Book Telling Our Stories

    Book Details:
  • Author : Louis Bird
  • Publisher : University of Toronto Press
  • Release : 2005-08-01
  • ISBN : 1442606738
  • Pages : 373 pages

Download or read book Telling Our Stories written by Louis Bird and published by University of Toronto Press. This book was released on 2005-08-01 with total page 373 pages. Available in PDF, EPUB and Kindle. Book excerpt: Since the 1970s, Louis Bird, a distinguished Aboriginal storyteller and historian, has been recording the stories and memories of Omushkego (Swampy Cree) communities along western Hudson and James Bays. In nine chapters, he presents some of the most vivid legends and historical stories from his collection, casting new light on his people’s history, culture, and values. Working with the editors and other contributors to provide background and context for the stories, he illuminates their many levels of meaning and brings forward the value system and world-view that underlie their teachings. Students of Aboriginal culture, history, and literature will find that this is no ordinary book of stories compiled from a remote, disconnected voice, but rather a project in which the teller, deeply engaged in preserving his people's history, language, and values, is committed to bringing his listeners and readers as far along the road to understanding as he possibly can.

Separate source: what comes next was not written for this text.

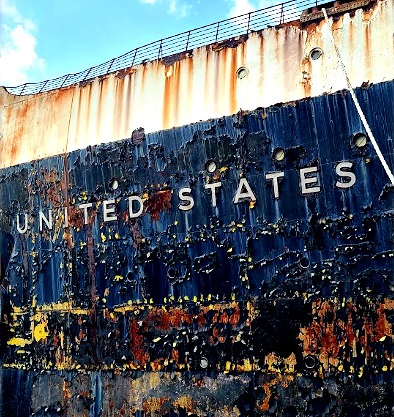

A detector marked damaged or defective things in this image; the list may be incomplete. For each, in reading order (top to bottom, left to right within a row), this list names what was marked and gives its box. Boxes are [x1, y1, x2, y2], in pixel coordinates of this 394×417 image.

corroded metal surface [0, 79, 392, 414]
corroded metal surface [0, 0, 394, 169]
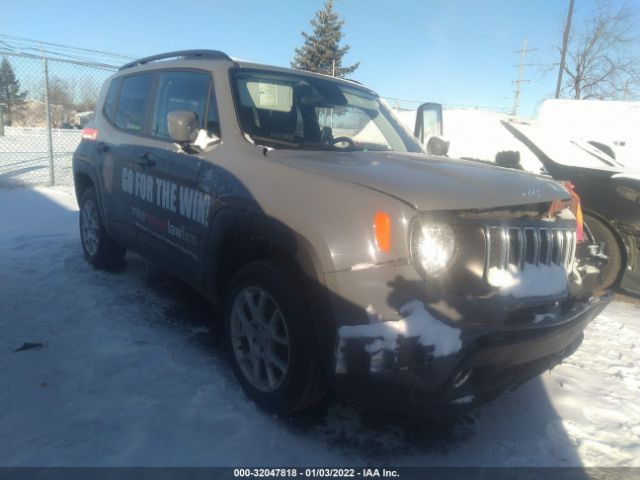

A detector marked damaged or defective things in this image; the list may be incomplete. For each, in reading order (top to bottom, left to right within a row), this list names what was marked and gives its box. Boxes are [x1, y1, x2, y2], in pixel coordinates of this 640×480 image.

damaged front bumper [332, 290, 612, 414]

Book On the Origin of Stories

Download or read book On the Origin of Stories written by Brian Boyd and published by Harvard University Press. This book was released on 2009-05-30 with total page 555 pages. Available in PDF, EPUB and Kindle. Book excerpt: A century and a half after the publication of Origin of Species, evolutionary thinking has expanded beyond the field of biology to include virtually all human-related subjects—anthropology, archeology, psychology, economics, religion, morality, politics, culture, and art. Now a distinguished scholar offers the first comprehensive account of the evolutionary origins of art and storytelling. Brian Boyd explains why we tell stories, how our minds are shaped to understand them, and what difference an evolutionary understanding of human nature makes to stories we love. Art is a specifically human adaptation, Boyd argues. It offers tangible advantages for human survival, and it derives from play, itself an adaptation widespread among more intelligent animals. More particularly, our fondness for storytelling has sharpened social cognition, encouraged cooperation, and fostered creativity. After considering art as adaptation, Boyd examines Homer’s Odyssey and Dr. Seuss’s Horton Hears a Who! demonstrating how an evolutionary lens can offer new understanding and appreciation of specific works. What triggers our emotional engagement with these works? What patterns facilitate our responses? The need to hold an audience’s attention, Boyd underscores, is the fundamental problem facing all storytellers. Enduring artists arrive at solutions that appeal to cognitive universals: an insight out of step with contemporary criticism, which obscures both the individual and universal. Published for the bicentenary of Darwin’s birth and the 150th anniversary of the publication of Origin of Species, Boyd’s study embraces a Darwinian view of human nature and art, and offers a credo for a new humanism.